AUTHOR=Schindlbacher Andreas , Beck Kerstin , Holzheu Stefan , Borken Werner TITLE=Inorganic Carbon Leaching From a Warmed and Irrigated Carbonate Forest Soil JOURNAL=Frontiers in Forests and Global Change VOLUME=2 YEAR=2019 URL=https://www.frontiersin.org/journals/forests-and-global-change/articles/10.3389/ffgc.2019.00040 DOI=10.3389/ffgc.2019.00040 ISSN=2624-893X ABSTRACT=

The response of dissolved inorganic carbon (DIC) leaching to rising temperature and precipitation is hardly known for forest soils on carbonate bedrock. We established field lysimeters, filled with soil from a humus-rich A horizon of a Rendzic Leptosol and detrital dolomite (C horizon) and conducted a two-factorial climate manipulation [control (C), soil warming (H, +4°C), irrigation (I, +50% precipitation), soil warming and irrigation (H+I)] to examine the effects of increased temperature and precipitation on DIC and DOC leaching, soil air CO2 concentrations, and soil CO2 efflux.
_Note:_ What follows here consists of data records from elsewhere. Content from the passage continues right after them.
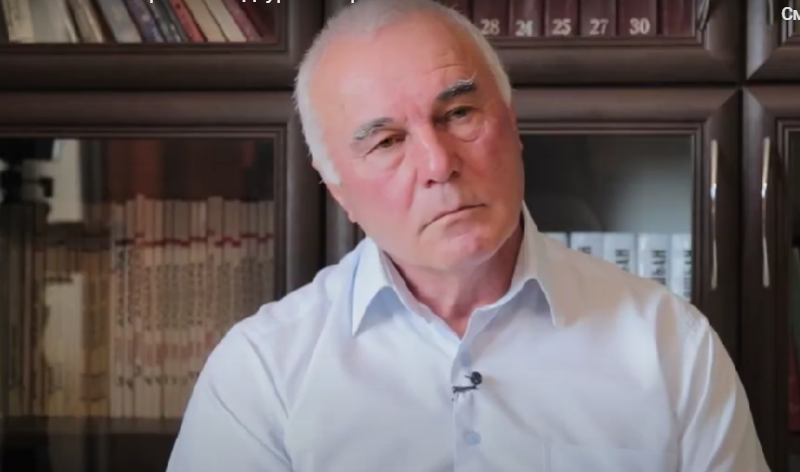 Адгур Харазия. Стоп-кадр видео из YouTube-канала "ANews" от 14.08.2023, https://www.youtube.com/watch?v=kw8c_hpk_oo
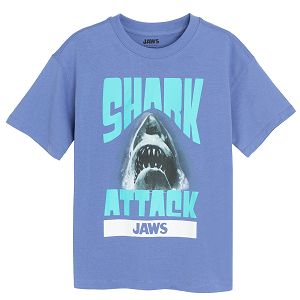 חולצת טריקו סגולה עם הדפס 'Shark Attack'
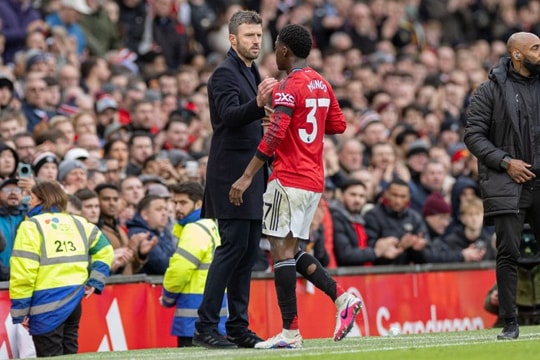 Ian Wright: Màn trình diễn của Kobbie Mainoo làm bẽ mặt Ruben Amorim tại Man United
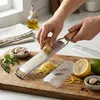 Arendo Zester Reibe Edelstahl mit Holzgriff, Handreibe mit Produktbild-Vorschau 2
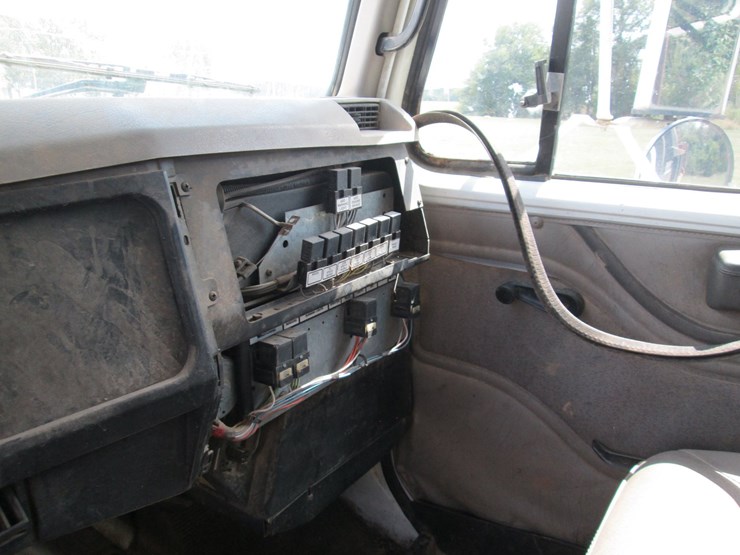 2001-international-4700-image-32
We followed an isotopic approach to assess the biotic and abiotic DIC fractions. Soil warming (H) had no effect on DIC leaching and seepage DIC concentrations. Irrigation (I and H+I) increased annual DIC leaching by almost 100% as a matter of significantly increased seepage DIC concentrations and higher annual drainage. Isotopic partitioning of DIC fluxes suggested biotic contributions between 60 and 100% and no significant variation with warming or irrigation. Soil warming consistently increased the soil CO2 efflux by >50% independently of irrigation treatment. Soil air CO2 concentrations were not affected by soil warming alone (H). Irrigation (I and I+H) tended to increase subsoil (18 and 32 cm depth) soil air CO2 concentrations, while topsoil (6 cm) remained unaffected by irrigation. DIC leaching losses were about 4–5 times higher than DOC leaching losses, which showed a similar treatment response (I and H+I > C and H). Annual DIC leaching amounted to between 20 ± 2 (C) and 39 ± 2 (H+I) g m−2, representing ~ 2–5% of the total annual gaseous soil CO2 loss. Our results suggest that climate change, especially changing precipitation, could significantly affect the DIC export from carbonate forest soils, thereby affecting their carbon sequestration potential.